The announcement comes after more than 28 years of advocacy and activism led by Aboriginal people, and is a very belated response to Recommendations 3 and 14 of Bringing Them Home: Report of the National Inquiry into the Forced Removal of Aboriginal Children from their Parents, tabled in Federal Parliament 26 May 1997. For some, this has been the fight of their lifetime. The Premier recognised that no amount of money would ever be enough (although the same amount 25 years ago would have been better!), but for most Stolen Generations survivors, the money represents concrete recognition of past wrongs, and offers a moment when we as a society and a church can move to the next steps of reparations and righting the wrongs of the past for a better tomorrow.
Yokai: Healing our Spirit is the trading name for the member-led organisation WA Stolen Generations Aboriginal Corporation, founded in 2016, which developed out of and now works in partnership with Bringing Them Home WA (BTH WA), founded in 2001. While Yokai now has a paid CEO and some operational staff, for many years these organisations have operated on the ‘smell of an oily rag’, with a lot of volunteer effort and a little bit of in-kind support from organisations like the Uniting Church, which provided secretarial support to Bringing Them Home WA from 2001 until 2022.

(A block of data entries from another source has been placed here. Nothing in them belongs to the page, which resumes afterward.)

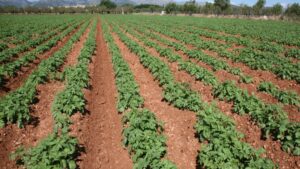 campo agricultura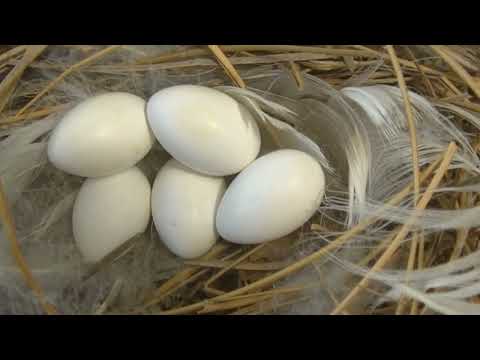 La vida de la Golondrina doméstica Progne chalybea Esperanza Santa Fe Argentina 2026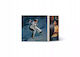 Wishbone Vinyl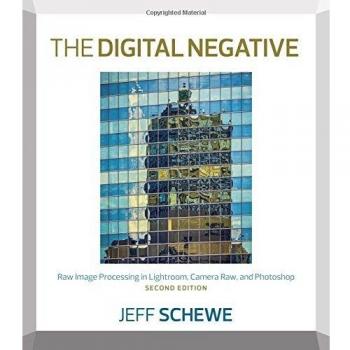 The Digital Negative: Raw Image Processing in Lightroom, Camera Raw, and Photoshop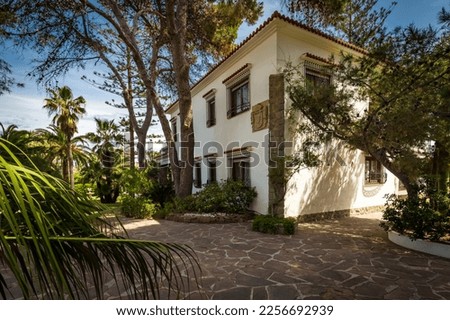 Family home with swimming pool and lawn, palm garden and pine trees.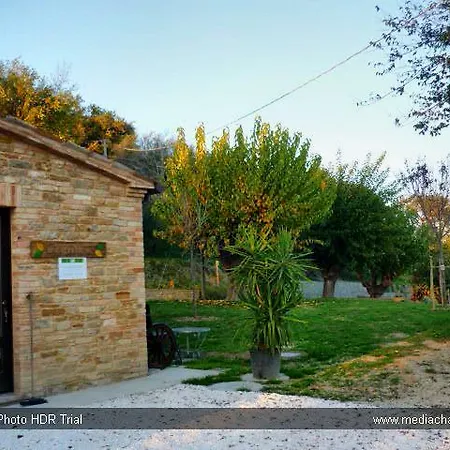 Фермерский дом Agriturismo Il Leccio Арчевиа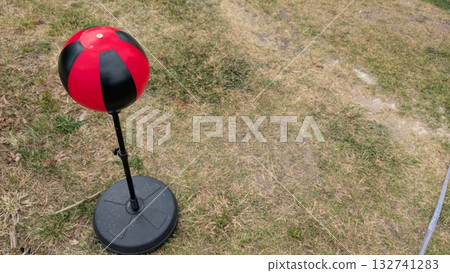 Training Equipment designed specifically for enhancing Fitness and Coordination skills 132741283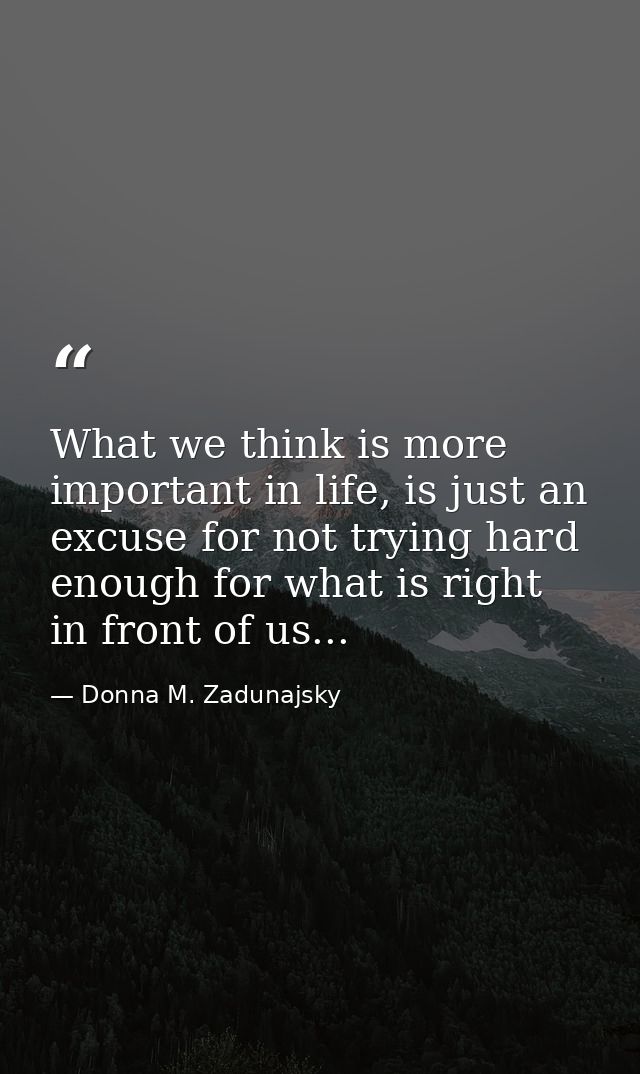 What we think is more important in life, is just an excuse for not trying hard enough for what is right in front of us.. — Donna M. Zadunajsky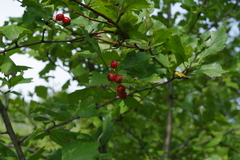 Crataegus dahurica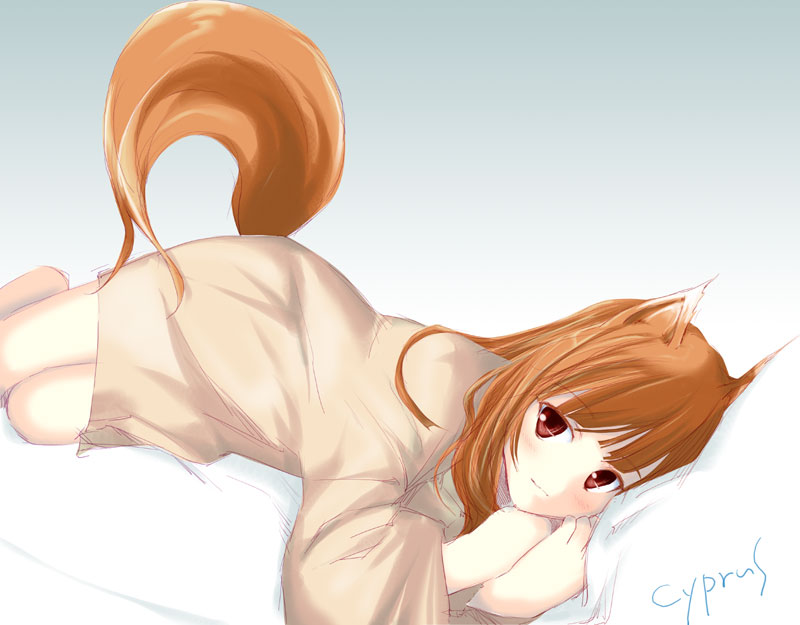 cyprus (circle), holo, spice and wolf, 00s, animal ears, solo, tail, wolf ears, wolf tail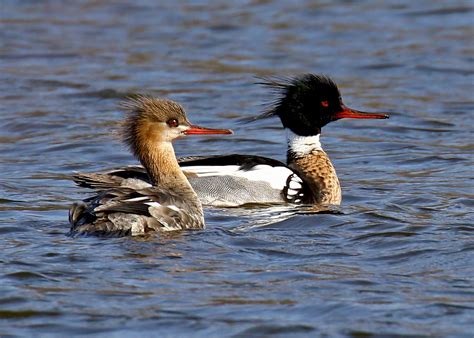 Red-breasted Mergansers - Birds and Blooms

The WA Government’s redress commitment is a significant win for Stolen Generations survivors that brings some real-world assistance and meaningful acknowledgement of a lifetime of pain and suffering. It is a hard fought win that should be celebrated. However, it is sadly too late for many who have already passed and has raised many questions over how the remit of the package was decided upon.
Unfortunately, the announcement follows a now familiar pattern of Government action without proper consultation. Yokai is one of only a very small number of organisations in WA that are equipped to support Stolen Generations survivors, and continues to be under-staffed and under-funded. By agreeing to stand alongside the Premier during that announcement, Aboriginal members of Yokai and BTH WA immediately made themselves visible endorsers of the Government’s announcement and were perceived as being involved in the process. Sadly this was far from the case and has led to a deluge of phone calls from their community, who expected them to be able to answer questions about what was happening. The reality was that the announcement came without much of a follow-up plan.
Most distressing for survivors and families are the limitations around who is eligible. While it is good that living survivors are prioritised, Aboriginal child removal affected almost every family in this state.
Only about 4,000 living survivors will receive the compensation, but 50% of Aboriginal people in WA are descended from Stolen Generations. Child removal was only one part of the Aborigines Protection Act policies that denied Aboriginal people the ability to own property and build wealth on their own land. $85,000 is not a big amount of money, but it might be enough to support children or grandchildren of Stolen people to put down a deposit on a home, giving them access to intergenerational wealth, rather than intergenerational poverty.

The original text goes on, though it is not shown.